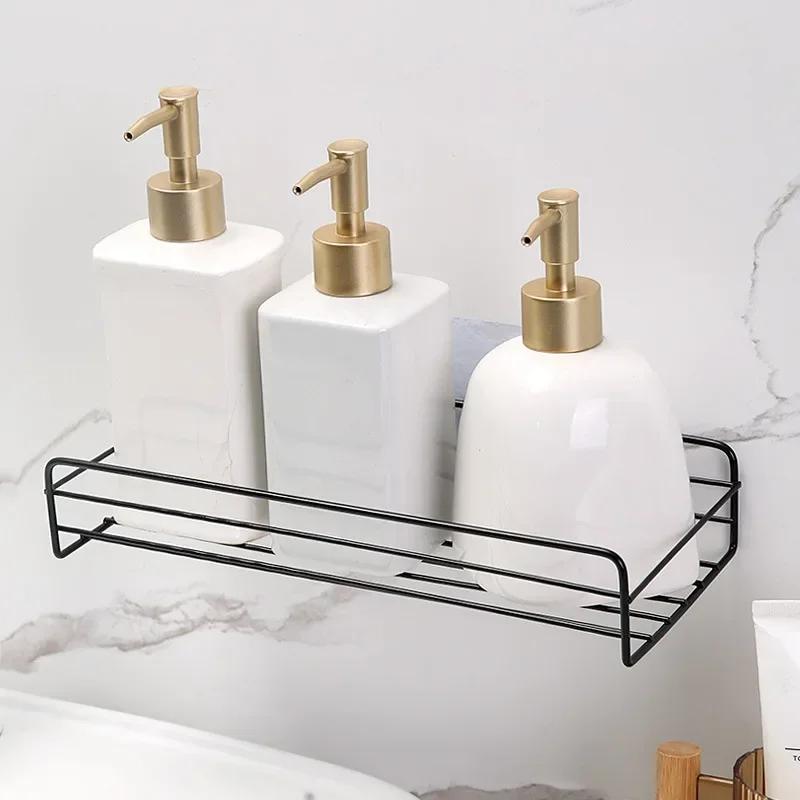 Bathroom Toiletries Storage Rack Wall Mounted Non Perforated Right Angle Storage Rack Shampoo Rack Shower Drainage Basket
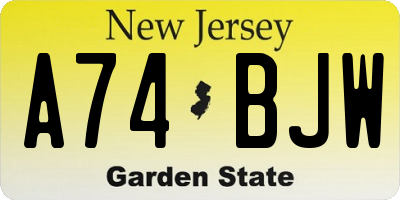 NJ license plate A74BJW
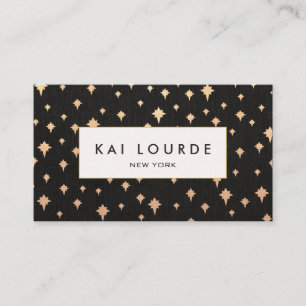 Carte De Visite Chic Gold Parties scintillant Star Black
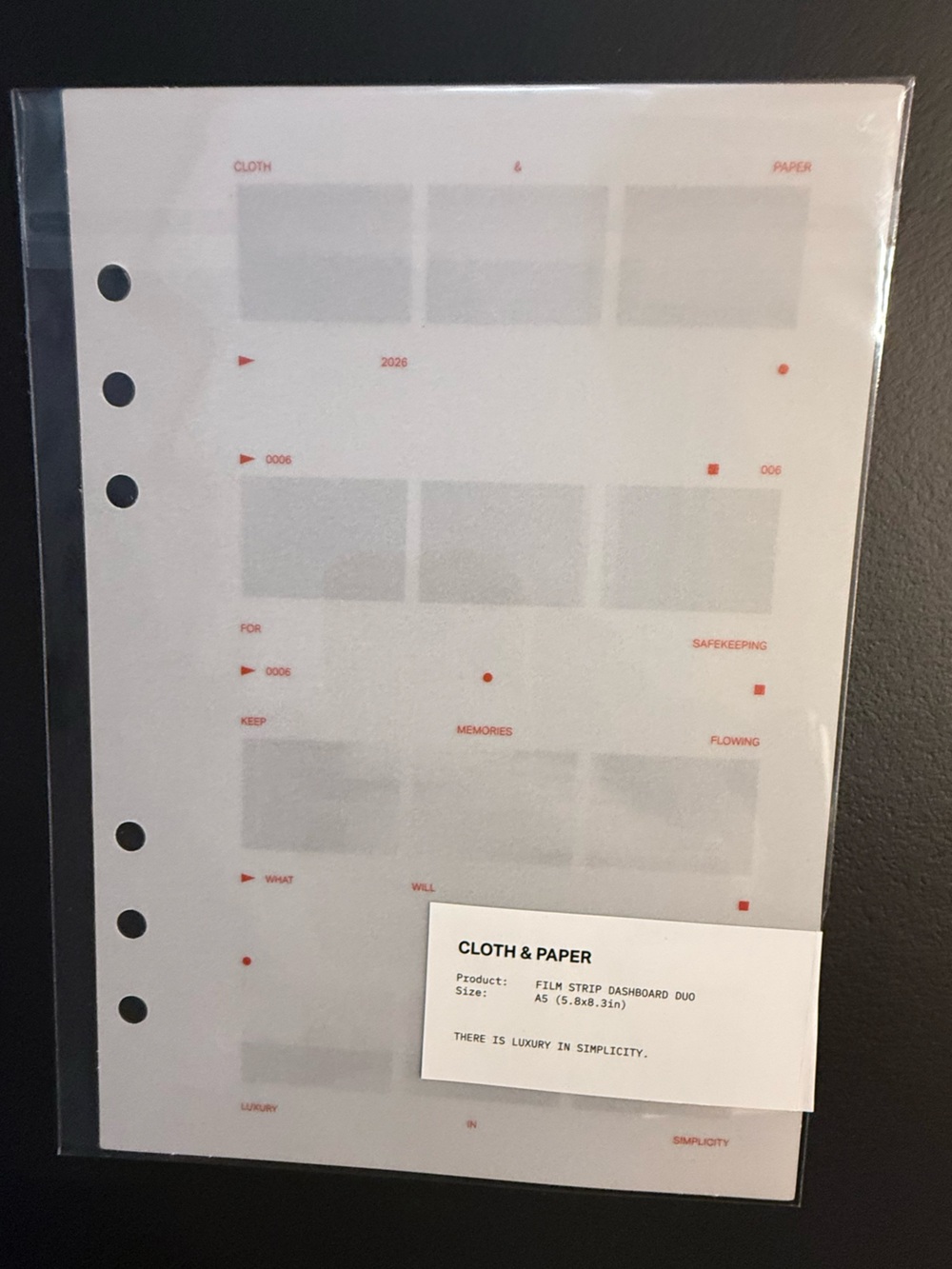 CLOTH & PAPER White Film Strip Dashboard Duo – A5 Planner Insert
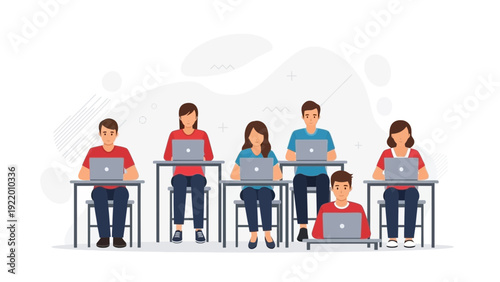 Diverse students in modern classroom learning with laptops, online education concept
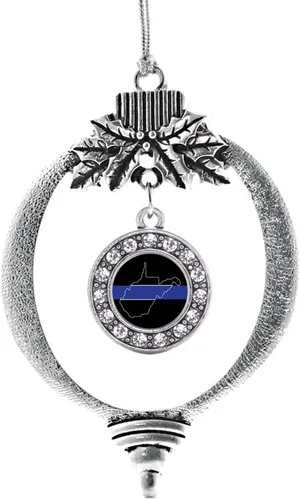 Vista 15 de Inspired Silver - Adorno con dije de cara de carlino - Adornos navideños de círculo de plata con joyas de circonita cúbica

▶ [WHAT TO DO]:
Once the line holding "Carte De Visite" is found, set it down along with every line after it through the end of the entries, exactly, leaving the pictures out.

▶ [RESULT OF THE TASK]:
 Carte De Visite Chic Gold Parties scintillant Star Black
 CLOTH & PAPER White Film Strip Dashboard Duo – A5 Planner Insert
 Diverse students in modern classroom learning with laptops, online education concept
 Vista 15 de Inspired Silver - Adorno con dije de cara de carlino - Adornos navideños de círculo de plata con joyas de circonita cúbica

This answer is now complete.